• **TASK DETAILS**: Write the listing out again word for word, leaving each picture behind.

• **DATA**:
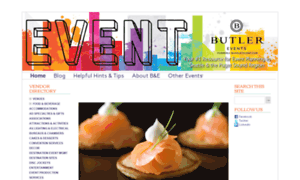 Events.banquetevent.com thumbnail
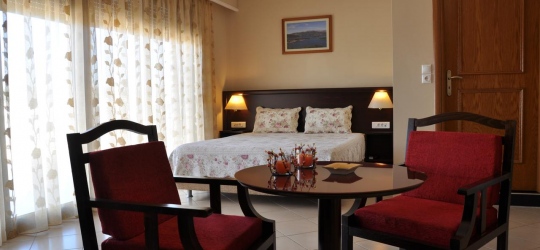 Hotel Vila Vista Mare 3*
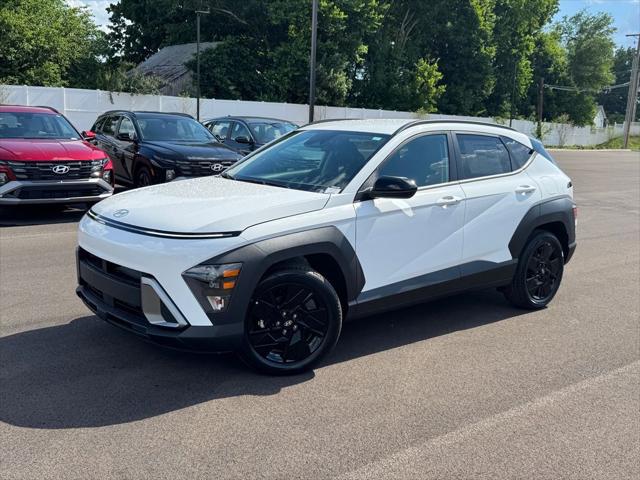 2026 Hyundai Kona SEL Sport for sale in KINGSPORT, TN
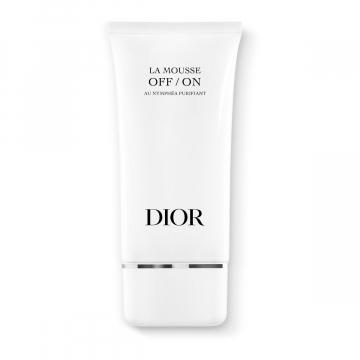 Dior La Mousse Foaming Cleanser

• **ANSWER SPACE**:
 Events.banquetevent.com thumbnail
 Hotel Vila Vista Mare 3*
 2026 Hyundai Kona SEL Sport for sale in KINGSPORT, TN
 Dior La Mousse Foaming Cleanser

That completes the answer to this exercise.